When 16,000 demonstrators marched in Columbus, Ga., earlier this month to protest U.S. military involvement in torture, they received less national attention than the Thanksgiving Day parade accident in which a giant helium balloon damaged a New York City lamppost and slightly injured two girls. How’s that for media priorities?
Local press offered the best, most extensive, coverage of the protesters, who demanded that the Army shutter its Western Hemisphere Institute for Security Cooperation (formerly the School of the Americas), which trains Latin American military officers at Fort Benning. The (Columbus) Ledger-Enquirer not only ran three separate, well-written and -reported stories (on Nov. 20, “Record number of protesters”; on Nov. 21, “Orderly protest”; and on Nov. 22, “[Arrested] protesters get first day in court”), it put together a slide show series with audio on its Web site that easily matches the best media packages that major dailies and news sites on the Internet have to offer. Take a look at this.

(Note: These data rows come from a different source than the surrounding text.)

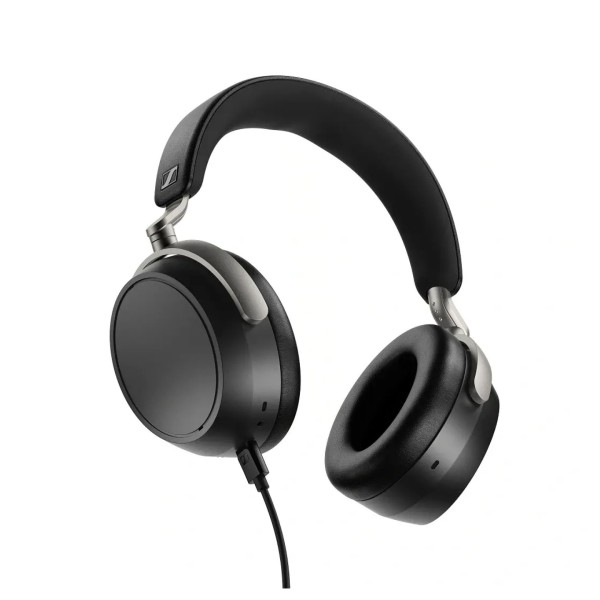 Sennheiser HDB 630 Closed-back Wireless Headphones - angle with cable 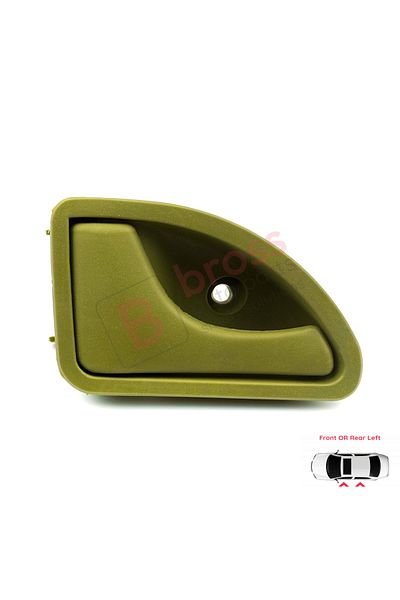 Bross Otomotiv مقبض باب داخلي بلون الخردل الأيسر لسيارة Renault Kangoo Twingo7700309313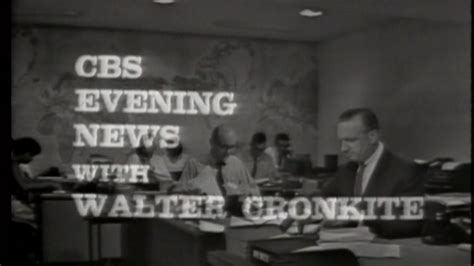 Watch Cbs Evening News Cbs Evening News Made History 57 Years Ago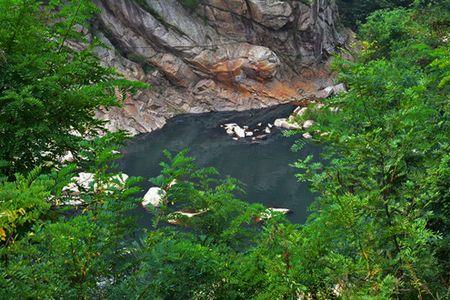 青岛崂山山泉水水源地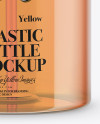 500ml Plastic Bottle with Pump Mockup 500ml Plastic Bottle with Pump Mockup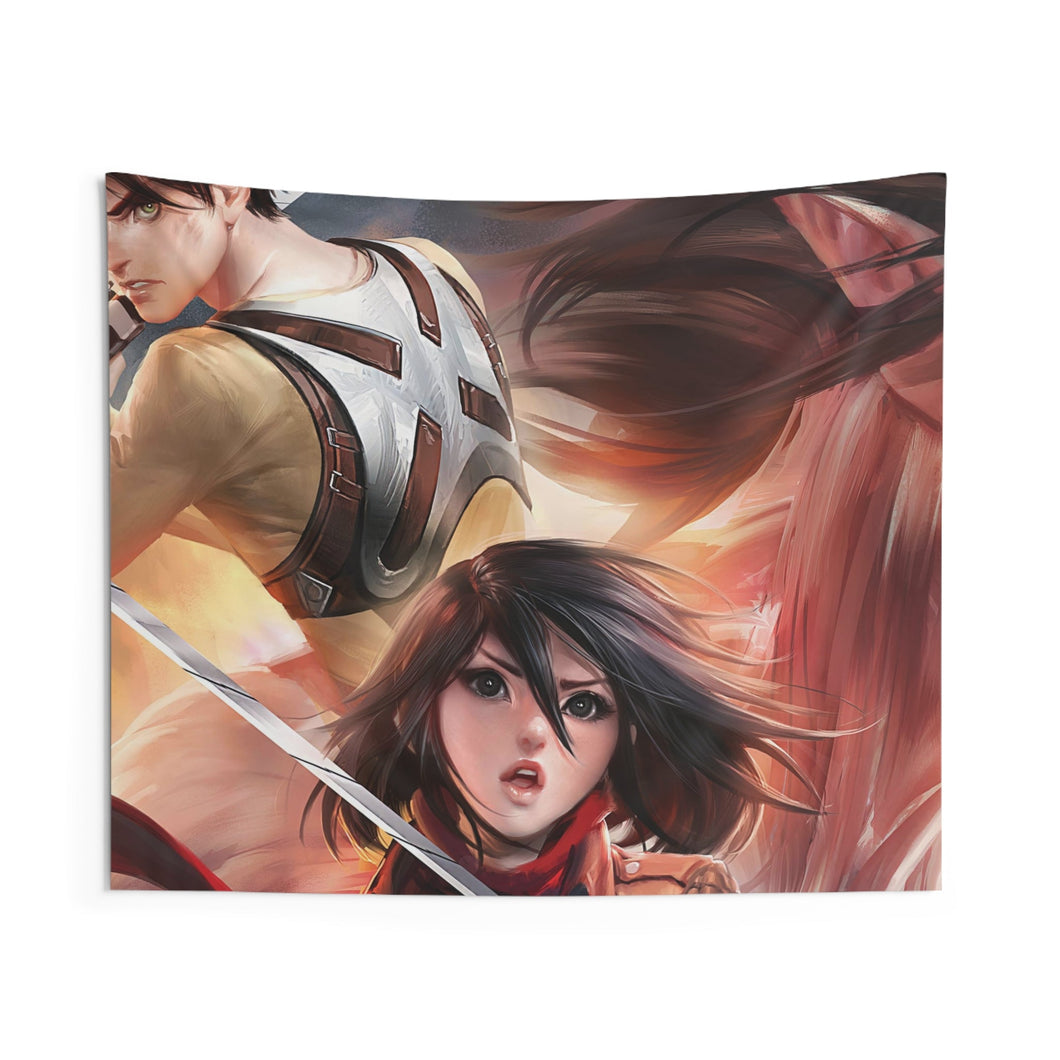 Anime Attack On Titan Indoor Wall Tapestry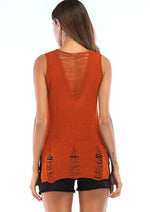 Load image into Gallery viewer, Chic Hollow knit Tank Top Online Wholesalers
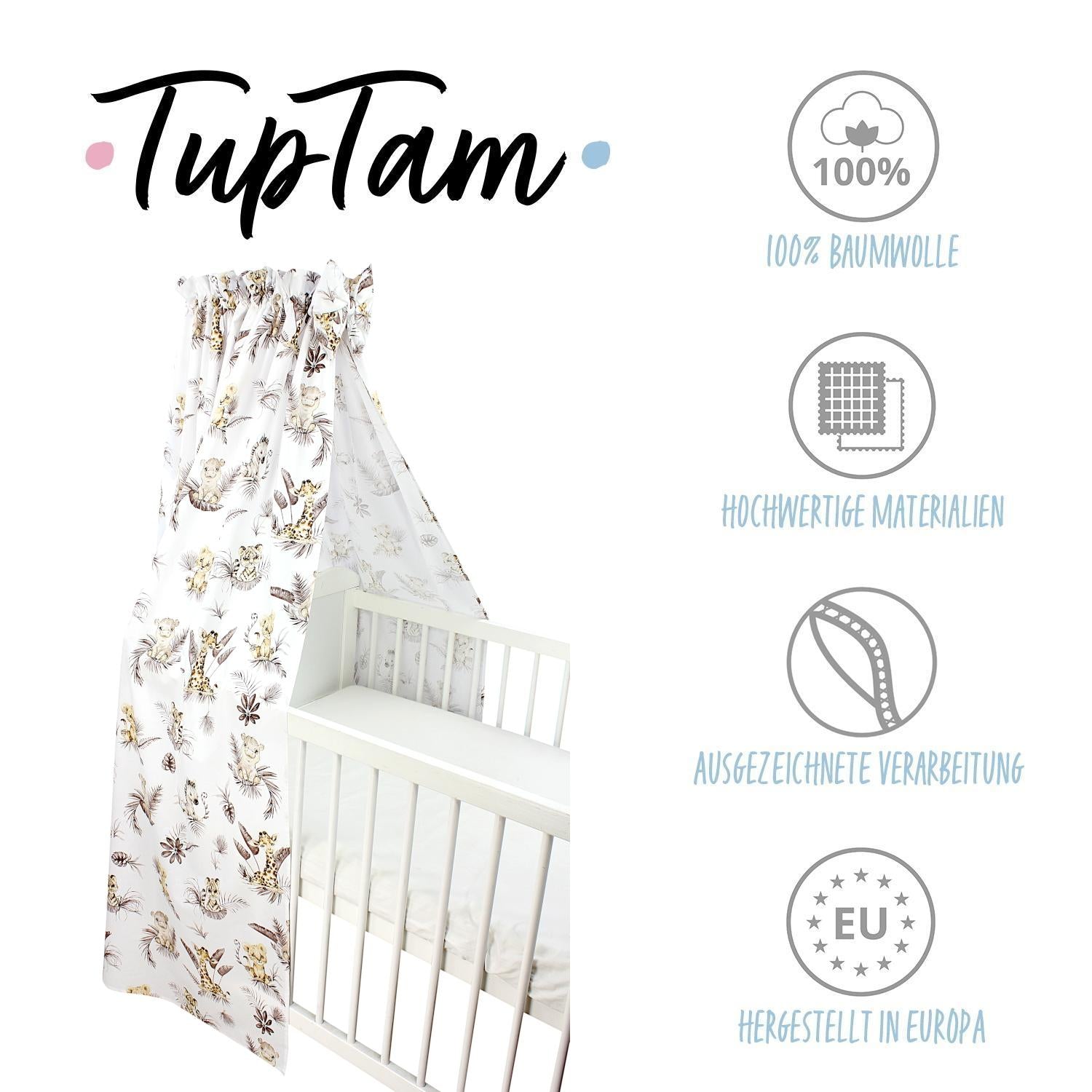 Babybett Himmel mit Schleifchen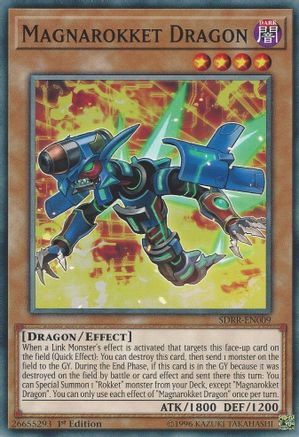 Magnarokket Dragon (Common) (SDRR-EN009) - Structure Deck: Rokket Revolt 1st Edition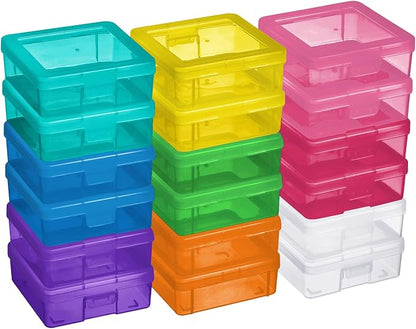 novelinks Stackable Plastic Clear Storage Box Containers by novelinks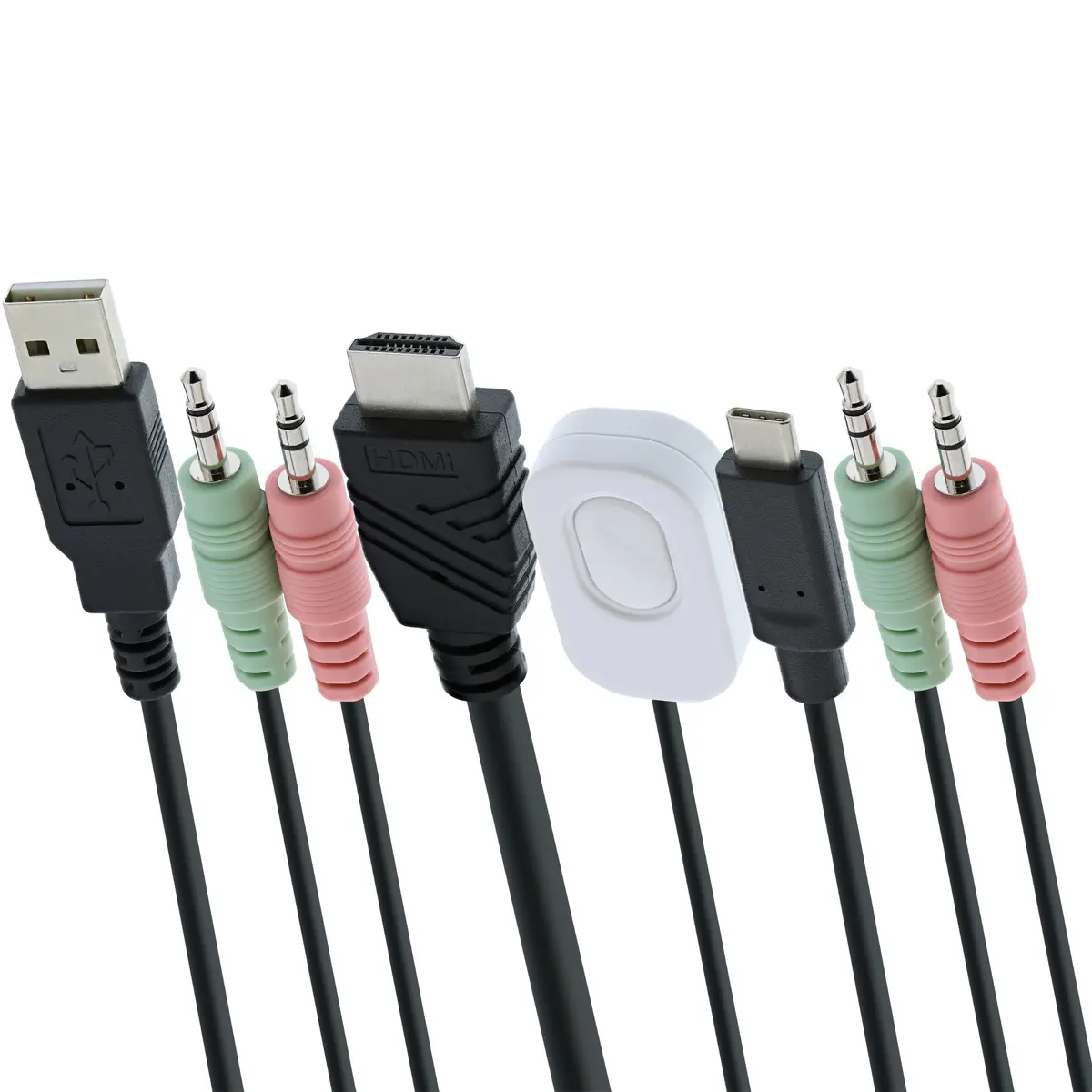 InLine 62614I 2-портовый USB-C и HDMI 4K KVM-переключатель Photo 2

The protest was not completely ignored by the national media. The Associated Press sent its own reporter, and the AP story was used by, among others, The Boston Globe.
The New York Times also covered the march, but chose to highlight the town’s and the military’s opposition to it with a Nov. 21 feature that ran under the headline “Annual Protest Draws Ire of Those Supporting Troops.” While it’s true the march has become an annual event, to call these demonstrations “as much a staple of fall as the Alabama-Auburn game,” to quote The Times, is to trivialize what it’s all about. Some critics might call the feature a whitewash.
The protest marches began 16 years ago, timed to coincide with the murders of six Jesuit priests, their housekeeper and her daughter in November 1989 in El Salvador by a death squad that included, according to a congressional investigation, 19 soldiers who had graduated from the School of the Americas. (SOA once even published a torture handbook among its training manuals.)
The military insists that the successor to SOA, which was shut down in 2001, has changed its practices and policies. But as the Just the Facts Web site notes, “WHINSEC is located in the same building and offers many of the same courses,” as the school it replaced. Doug Ireland, who calls himself “an old fan of SOA” wrote about it in the past and made the obvious connection to the torture at Abu Ghraib.
There’s also a notable feature-length documentary out there, “Hidden in Plain Sight,” released in 2003, about the school and U.S. policy in Latin America. Times reviewer Dave Kehr described it as “a sort of anthology of atrocity,” but also called it “a sober, focused piece that asks Americans [unlike the Nov. 21 Times feature] to take another look at what is going on in their own backyard.”